**Data supplied:**
____________
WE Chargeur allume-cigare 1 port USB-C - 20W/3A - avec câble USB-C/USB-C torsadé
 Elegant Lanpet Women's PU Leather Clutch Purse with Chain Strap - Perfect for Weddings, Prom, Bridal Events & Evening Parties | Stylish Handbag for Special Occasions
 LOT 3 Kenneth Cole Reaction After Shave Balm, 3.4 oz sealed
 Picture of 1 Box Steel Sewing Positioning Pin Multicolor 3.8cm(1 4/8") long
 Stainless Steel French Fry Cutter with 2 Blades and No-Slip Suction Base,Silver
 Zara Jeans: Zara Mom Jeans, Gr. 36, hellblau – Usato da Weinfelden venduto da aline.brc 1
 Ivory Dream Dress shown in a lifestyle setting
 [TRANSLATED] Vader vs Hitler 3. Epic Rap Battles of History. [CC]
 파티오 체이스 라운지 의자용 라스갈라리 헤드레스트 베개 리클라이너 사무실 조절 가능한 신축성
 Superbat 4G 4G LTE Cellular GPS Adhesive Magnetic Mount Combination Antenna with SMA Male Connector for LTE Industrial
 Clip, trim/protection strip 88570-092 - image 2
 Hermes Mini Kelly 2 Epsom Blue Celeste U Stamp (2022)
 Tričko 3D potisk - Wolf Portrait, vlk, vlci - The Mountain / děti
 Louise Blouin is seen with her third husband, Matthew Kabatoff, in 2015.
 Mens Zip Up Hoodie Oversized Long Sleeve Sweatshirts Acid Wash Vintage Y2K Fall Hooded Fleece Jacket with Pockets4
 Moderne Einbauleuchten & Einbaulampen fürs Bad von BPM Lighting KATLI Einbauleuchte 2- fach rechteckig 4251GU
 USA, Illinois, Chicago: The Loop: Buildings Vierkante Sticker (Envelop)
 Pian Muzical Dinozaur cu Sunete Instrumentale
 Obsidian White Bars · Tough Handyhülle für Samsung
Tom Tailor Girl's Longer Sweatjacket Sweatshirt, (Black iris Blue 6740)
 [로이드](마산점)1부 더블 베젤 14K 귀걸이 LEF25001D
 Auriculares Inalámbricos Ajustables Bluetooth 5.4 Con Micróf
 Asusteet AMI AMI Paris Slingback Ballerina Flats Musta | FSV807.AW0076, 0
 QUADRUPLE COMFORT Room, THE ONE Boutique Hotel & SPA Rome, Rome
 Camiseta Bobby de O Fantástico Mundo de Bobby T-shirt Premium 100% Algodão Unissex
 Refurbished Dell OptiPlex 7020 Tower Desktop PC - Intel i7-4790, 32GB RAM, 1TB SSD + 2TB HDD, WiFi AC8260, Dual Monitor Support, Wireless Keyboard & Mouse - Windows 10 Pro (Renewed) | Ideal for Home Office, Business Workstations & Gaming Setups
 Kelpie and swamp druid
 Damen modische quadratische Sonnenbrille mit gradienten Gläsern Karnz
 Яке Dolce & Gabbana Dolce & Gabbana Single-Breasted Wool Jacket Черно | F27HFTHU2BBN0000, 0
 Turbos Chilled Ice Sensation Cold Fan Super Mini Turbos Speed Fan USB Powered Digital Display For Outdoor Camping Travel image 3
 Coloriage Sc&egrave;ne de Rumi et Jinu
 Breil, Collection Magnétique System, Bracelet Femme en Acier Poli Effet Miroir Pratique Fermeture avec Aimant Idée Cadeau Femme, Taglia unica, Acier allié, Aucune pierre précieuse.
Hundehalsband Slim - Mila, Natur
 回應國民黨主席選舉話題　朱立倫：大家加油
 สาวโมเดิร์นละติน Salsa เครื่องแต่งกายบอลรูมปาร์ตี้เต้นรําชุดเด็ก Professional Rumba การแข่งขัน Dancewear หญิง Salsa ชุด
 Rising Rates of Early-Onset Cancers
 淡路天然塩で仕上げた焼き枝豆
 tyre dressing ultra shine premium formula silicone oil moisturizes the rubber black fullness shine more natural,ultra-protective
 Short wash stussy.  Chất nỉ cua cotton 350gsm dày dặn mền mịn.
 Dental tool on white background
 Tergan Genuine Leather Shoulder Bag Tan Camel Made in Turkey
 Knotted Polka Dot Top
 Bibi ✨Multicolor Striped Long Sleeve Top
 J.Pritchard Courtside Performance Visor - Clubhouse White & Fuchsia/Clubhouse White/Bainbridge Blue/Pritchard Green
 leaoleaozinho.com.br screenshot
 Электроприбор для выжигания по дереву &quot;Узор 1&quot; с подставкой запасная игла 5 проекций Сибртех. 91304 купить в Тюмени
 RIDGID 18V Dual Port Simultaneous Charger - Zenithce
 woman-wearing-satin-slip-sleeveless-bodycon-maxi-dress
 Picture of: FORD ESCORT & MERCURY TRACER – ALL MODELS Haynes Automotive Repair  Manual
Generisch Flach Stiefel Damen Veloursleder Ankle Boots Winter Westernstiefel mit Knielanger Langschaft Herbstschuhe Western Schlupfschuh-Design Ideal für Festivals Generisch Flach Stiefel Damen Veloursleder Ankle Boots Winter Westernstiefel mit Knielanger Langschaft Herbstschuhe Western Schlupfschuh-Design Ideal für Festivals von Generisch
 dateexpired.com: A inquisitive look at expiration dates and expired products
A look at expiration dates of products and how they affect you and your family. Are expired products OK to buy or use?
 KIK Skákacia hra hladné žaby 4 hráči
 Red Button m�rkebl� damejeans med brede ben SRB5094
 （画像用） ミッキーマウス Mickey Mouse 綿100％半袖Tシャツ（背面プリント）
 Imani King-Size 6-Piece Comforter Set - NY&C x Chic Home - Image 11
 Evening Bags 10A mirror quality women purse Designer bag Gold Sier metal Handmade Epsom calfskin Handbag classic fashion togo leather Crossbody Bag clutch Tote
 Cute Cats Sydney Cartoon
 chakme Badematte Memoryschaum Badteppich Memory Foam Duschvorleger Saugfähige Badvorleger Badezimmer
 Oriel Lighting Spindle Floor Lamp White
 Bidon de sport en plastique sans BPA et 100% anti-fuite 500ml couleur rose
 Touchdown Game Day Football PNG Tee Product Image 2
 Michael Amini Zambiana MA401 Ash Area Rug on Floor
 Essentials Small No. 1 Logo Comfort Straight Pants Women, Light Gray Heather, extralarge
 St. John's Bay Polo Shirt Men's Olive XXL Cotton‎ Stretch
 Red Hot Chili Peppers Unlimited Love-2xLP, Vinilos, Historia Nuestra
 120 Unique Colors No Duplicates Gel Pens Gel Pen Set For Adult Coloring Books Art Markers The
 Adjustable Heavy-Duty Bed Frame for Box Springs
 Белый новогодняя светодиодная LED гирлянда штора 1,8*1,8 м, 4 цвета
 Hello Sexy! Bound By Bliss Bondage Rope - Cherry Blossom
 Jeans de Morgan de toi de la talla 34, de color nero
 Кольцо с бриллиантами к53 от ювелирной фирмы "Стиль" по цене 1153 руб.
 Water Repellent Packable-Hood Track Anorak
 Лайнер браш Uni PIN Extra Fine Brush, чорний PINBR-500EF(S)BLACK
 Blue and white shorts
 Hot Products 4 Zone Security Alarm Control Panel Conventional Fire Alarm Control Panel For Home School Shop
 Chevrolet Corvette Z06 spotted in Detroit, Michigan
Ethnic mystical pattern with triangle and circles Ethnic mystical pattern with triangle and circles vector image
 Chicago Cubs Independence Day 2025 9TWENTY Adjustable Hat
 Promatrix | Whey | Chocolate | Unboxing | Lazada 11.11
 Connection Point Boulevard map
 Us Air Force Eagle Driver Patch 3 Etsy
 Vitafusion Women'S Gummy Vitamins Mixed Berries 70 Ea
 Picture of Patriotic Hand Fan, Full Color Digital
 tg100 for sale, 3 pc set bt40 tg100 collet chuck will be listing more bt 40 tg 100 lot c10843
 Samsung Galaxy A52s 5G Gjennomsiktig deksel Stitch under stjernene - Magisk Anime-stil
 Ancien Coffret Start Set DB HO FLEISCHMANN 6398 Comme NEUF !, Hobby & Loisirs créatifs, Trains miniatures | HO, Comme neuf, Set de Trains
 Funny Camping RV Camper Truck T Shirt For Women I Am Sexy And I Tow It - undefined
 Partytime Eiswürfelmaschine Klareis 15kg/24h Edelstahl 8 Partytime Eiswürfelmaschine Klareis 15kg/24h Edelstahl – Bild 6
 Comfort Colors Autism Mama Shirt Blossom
____________
**The task:** Reproduce word for word the material above, beginning with the line that contains "Coloriage Sc&egrave;ne de Rumi et Jinu" and ending with the line that contains "回應國民黨主席選舉話題　朱立倫：大家加油".

**Problem solution:**
 Coloriage Sc&egrave;ne de Rumi et Jinu
 Breil, Collection Magnétique System, Bracelet Femme en Acier Poli Effet Miroir Pratique Fermeture avec Aimant Idée Cadeau Femme, Taglia unica, Acier allié, Aucune pierre précieuse.
Hundehalsband Slim - Mila, Natur
 回應國民黨主席選舉話題　朱立倫：大家加油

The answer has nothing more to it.